Frameworks that use component rendering, fine-grained request lifecycles, or thread-local state (such as dynamic UI components or live-updating view systems) often need isolated execution domains. Using traditional global ThreadPoolExecutor instances can lead to:

  • state bleeding across requests,

  • mixed component registries,

  • concurrency bugs when a task intended for one context is executed in another,

  • performance degradation when slow tasks block high-priority ones.

This module solves these problems by binding pool managers to thread identity and propagating them through thread hierarchies, ensuring that each task belongs to the correct execution environment.

Typical Usage

def worker_entrypoint():
    # Initialize or reuse the thread's manager
    manager = get_or_create_thread_manager(id="render")

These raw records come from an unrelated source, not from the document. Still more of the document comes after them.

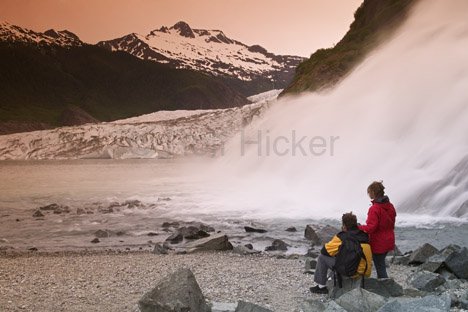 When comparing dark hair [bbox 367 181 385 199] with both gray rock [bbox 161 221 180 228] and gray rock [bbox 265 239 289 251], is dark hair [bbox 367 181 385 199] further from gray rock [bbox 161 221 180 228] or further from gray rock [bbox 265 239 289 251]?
gray rock [bbox 161 221 180 228]

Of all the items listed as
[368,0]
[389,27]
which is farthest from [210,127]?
[389,27]

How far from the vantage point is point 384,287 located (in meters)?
8.40

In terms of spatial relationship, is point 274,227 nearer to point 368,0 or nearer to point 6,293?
point 6,293

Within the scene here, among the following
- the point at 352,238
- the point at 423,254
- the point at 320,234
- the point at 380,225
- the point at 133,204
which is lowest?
the point at 133,204

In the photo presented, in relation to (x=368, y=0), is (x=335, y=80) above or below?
below

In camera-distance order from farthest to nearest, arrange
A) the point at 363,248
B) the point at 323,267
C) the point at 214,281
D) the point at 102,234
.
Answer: the point at 102,234 < the point at 214,281 < the point at 323,267 < the point at 363,248

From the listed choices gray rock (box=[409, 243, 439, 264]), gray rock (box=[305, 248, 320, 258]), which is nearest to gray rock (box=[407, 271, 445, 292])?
gray rock (box=[409, 243, 439, 264])

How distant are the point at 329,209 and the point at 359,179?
450cm

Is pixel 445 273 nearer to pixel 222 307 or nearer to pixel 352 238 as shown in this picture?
pixel 352 238

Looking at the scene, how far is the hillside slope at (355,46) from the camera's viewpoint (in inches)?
1834

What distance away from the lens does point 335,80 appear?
45438mm

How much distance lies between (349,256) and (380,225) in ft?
2.68

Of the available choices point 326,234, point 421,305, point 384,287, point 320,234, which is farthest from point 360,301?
point 320,234

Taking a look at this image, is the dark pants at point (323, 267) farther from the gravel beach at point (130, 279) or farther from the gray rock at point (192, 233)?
the gray rock at point (192, 233) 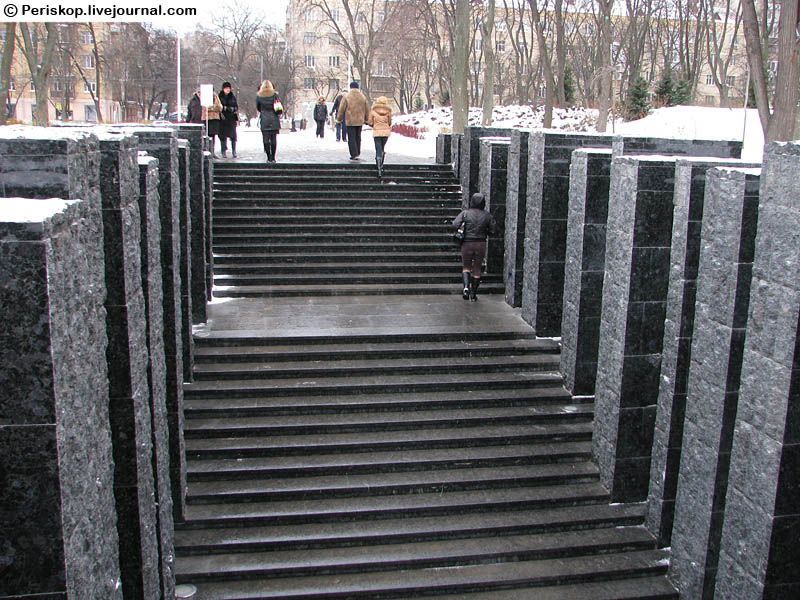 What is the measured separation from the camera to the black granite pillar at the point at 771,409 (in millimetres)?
5684

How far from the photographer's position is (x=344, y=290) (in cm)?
1227

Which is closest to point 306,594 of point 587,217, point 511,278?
point 587,217

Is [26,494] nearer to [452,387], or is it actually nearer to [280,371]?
[280,371]

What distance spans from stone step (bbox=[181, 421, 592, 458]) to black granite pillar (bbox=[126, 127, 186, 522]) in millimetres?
956

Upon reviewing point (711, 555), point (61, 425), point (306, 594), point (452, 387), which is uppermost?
point (61, 425)

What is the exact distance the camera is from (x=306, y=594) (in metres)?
6.99

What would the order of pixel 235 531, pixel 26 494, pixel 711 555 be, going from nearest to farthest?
pixel 26 494 < pixel 711 555 < pixel 235 531

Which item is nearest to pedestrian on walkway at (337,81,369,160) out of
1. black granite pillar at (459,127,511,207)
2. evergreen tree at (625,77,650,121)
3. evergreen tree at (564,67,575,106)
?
black granite pillar at (459,127,511,207)

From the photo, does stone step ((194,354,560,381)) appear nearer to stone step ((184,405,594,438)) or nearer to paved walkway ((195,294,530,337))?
paved walkway ((195,294,530,337))

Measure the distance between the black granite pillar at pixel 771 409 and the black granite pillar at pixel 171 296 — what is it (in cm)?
514

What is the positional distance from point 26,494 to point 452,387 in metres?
6.57

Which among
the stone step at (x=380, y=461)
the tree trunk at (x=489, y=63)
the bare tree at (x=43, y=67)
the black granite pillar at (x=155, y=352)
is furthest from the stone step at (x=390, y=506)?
the tree trunk at (x=489, y=63)

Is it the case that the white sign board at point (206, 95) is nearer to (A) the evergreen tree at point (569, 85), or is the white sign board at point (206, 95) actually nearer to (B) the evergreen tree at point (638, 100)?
(B) the evergreen tree at point (638, 100)

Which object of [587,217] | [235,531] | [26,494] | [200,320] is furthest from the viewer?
[200,320]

    # Start a dedicated thread pool for rendering tasks
    manager.start(max_workers=4, task_type="component_render")

    future = manager.submit_task(
        some_callable,
        task_type="component_render",
    )
    return future.result()

## Best Practices

- Always call `get_or_create_thread_manager()` *inside* worker threads, never
  in the main thread (unless global propagation is desired).
- Choose meaningful manager IDs to organize workloads (e.g., "io", "cpu",
  "request", "component-render").
- Use task-type protection to prevent misuse of specialized pools.
- Avoid accessing the internal `REGISTRY` directly; use the resolver instead.

This module is designed to be robust, extensible, and suitable for advanced
server architectures and dynamic component systems such as those in the Duck
Lively Component System.